# How high do you rev your DC motor ?



## Peter S (Mar 5, 2009)

I have a NetGain Impuls 9 and only rev it 4500rpm...how high do you rev your DC motor ?


----------



## Tesseract (Sep 27, 2008)

Hey Peter S.

IIRC, the recommended max for the 9" motors is 6000 RPM. George (at NetGain) says, though, that for long life they should spend most of the time between 2000-3500 RPM. 4500 RPM seems like an overly conservative high RPM limit to me UNLESS because of your gearing you spend a lot of time at that RPM (ie - direct drive). If you have a transmission, and the voltage to support the higher RPM, try 5000 as your limit instead.


----------



## Peter S (Mar 5, 2009)

My gearbox are locked in 3 gear, 4500rpm≈90km/h ,cruising =3500 rpm, but Iam putting my gearstick back again to aviod high amps in low speeds.

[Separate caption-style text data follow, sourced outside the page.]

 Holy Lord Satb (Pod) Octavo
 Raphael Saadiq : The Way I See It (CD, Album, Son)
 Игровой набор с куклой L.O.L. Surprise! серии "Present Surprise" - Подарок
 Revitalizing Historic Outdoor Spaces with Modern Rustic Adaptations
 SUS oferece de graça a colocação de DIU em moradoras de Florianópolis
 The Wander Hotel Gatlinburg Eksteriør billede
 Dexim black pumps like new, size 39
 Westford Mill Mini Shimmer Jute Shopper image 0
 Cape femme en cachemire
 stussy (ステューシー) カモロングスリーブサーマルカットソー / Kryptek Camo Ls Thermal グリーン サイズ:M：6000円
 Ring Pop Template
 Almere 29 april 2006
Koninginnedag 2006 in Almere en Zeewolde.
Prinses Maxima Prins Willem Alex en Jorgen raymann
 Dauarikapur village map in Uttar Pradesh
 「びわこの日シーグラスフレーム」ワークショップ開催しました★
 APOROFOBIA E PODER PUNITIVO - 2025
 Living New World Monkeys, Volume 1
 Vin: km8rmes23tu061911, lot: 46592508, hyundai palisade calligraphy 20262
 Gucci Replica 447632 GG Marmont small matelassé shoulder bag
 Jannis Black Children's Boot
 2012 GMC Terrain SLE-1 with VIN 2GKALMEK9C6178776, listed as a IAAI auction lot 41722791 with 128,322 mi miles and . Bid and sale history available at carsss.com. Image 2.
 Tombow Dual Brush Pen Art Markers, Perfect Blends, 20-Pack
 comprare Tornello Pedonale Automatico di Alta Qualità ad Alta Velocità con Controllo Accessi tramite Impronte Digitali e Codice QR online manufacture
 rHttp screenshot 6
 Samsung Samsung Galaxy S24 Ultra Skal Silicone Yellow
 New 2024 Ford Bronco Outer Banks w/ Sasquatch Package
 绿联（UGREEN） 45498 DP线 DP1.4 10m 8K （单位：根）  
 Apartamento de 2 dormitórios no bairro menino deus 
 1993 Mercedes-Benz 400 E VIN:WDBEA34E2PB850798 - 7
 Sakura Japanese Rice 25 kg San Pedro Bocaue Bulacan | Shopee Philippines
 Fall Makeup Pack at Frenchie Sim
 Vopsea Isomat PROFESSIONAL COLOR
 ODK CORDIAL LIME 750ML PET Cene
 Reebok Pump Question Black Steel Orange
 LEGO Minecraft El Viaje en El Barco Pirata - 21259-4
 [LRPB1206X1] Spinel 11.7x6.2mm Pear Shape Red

So 5000 rpm for short time is ok ?


----------



## Tesseract (Sep 27, 2008)

My understanding is that 5000 rpm is fine for that size motor for brief periods - maybe a few seconds at a time - but my opinion is that EVs, even those with powerful controllers and motors, greatly benefit from at least a two speed transmission (say, 2nd and 4th out of a 5sp.)


----------